* HOW TO COMPLETE THIS TASK *
Please return every line below that contains the string "Engineering".

* Extracted records *
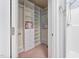 Spacious walk-in closet with built-in shelving and drawers, adjacent to an en-suite bathroom with a walk-in shower at 809 Davidson Point Rd, Cary, NC 27513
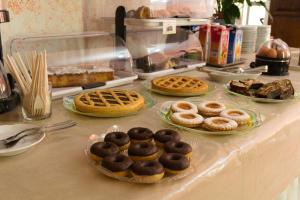 a table topped with different types of donuts and waffles at Albergo San Lorenzo in Grosseto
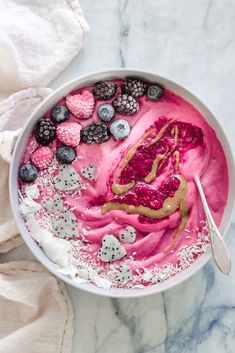 a white bowl filled with berries, blueberries and raspberry ice cream on top of a marble counter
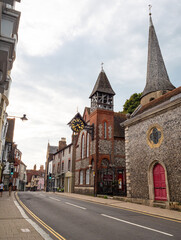 The landmark clock hangs from a tower wall of St Michael in Lewes Church in High Street Lewes, East Sussex, as the street narrows past historic buildings. Clear sky. 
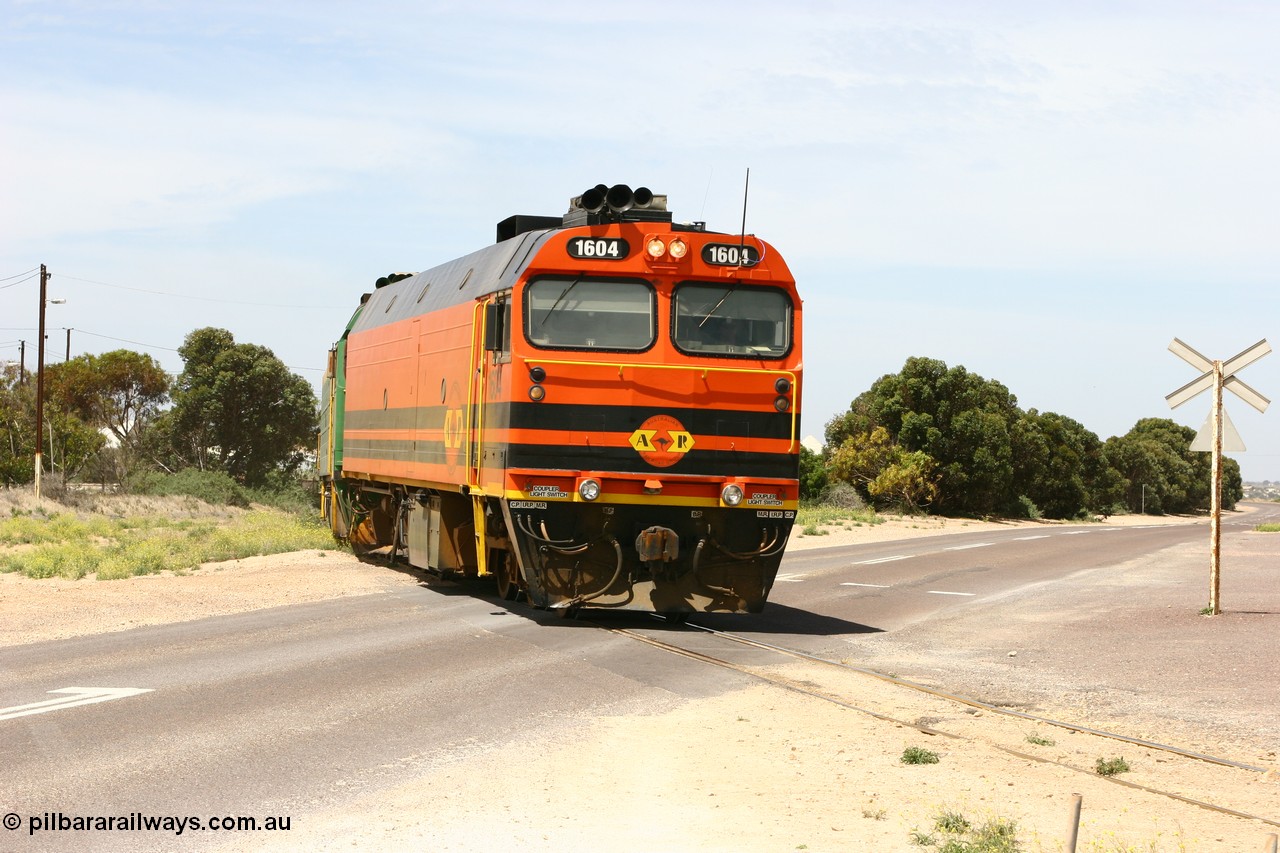 060113 2564
Thevenard, loaded gypsum train 6DD4 snakes through the yard and crosses Bergmann Drive behind 1600 class unit 1604 in Australian Railroad Group livery a Clyde Engineering built EMD JL22C model serial 71-731, originally built as NJ class NJ 4. [url=https://goo.gl/maps/9g3QoE4iaiDjqyta9]Bergmann Dr grade crossing[/url]. 13th January 2006.
Keywords: 1600-class;1604;Clyde-Engineering-Granville-NSW;EMD;JL22C;71-731;NJ-class;NJ4;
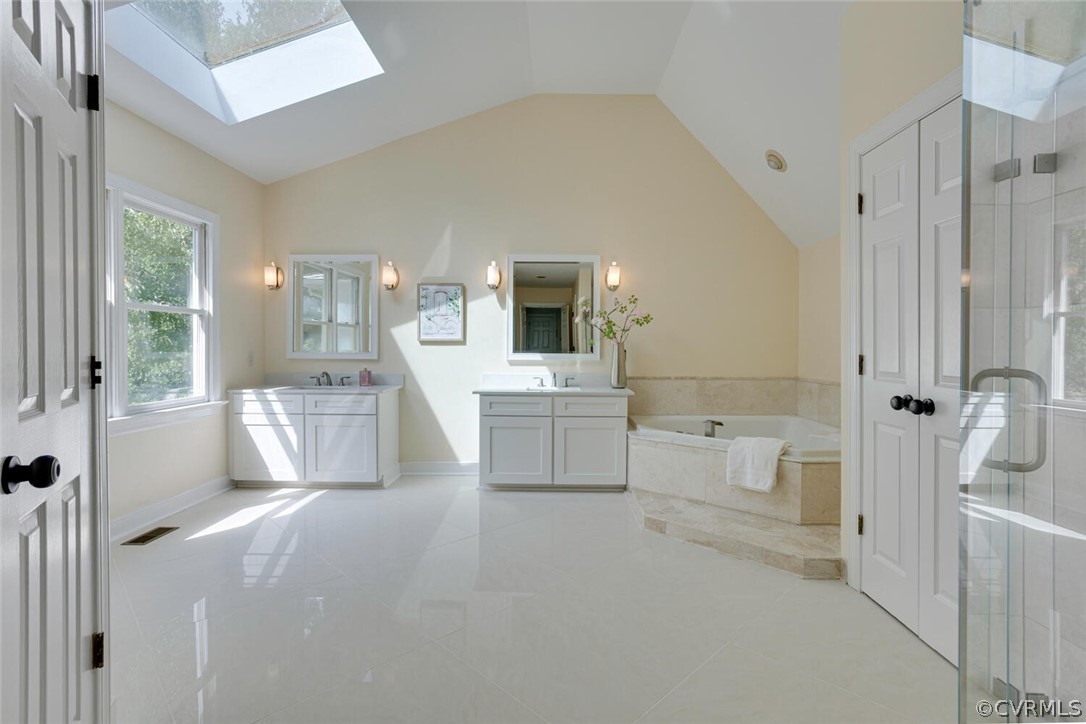 Bright bathroom with a skylight, dual vanities, corner soaking tub, and glass-enclosed shower.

* WRITTEN SOLUTION *
Thevenard, loaded gypsum train 6DD4 snakes through the yard and crosses Bergmann Drive behind 1600 class unit 1604 in Australian Railroad Group livery a Clyde Engineering built EMD JL22C model serial 71-731, originally built as NJ class NJ 4. [url=https://goo.gl/maps/9g3QoE4iaiDjqyta9]Bergmann Dr grade crossing[/url]. 13th January 2006.
Keywords: 1600-class;1604;Clyde-Engineering-Granville-NSW;EMD;JL22C;71-731;NJ-class;NJ4;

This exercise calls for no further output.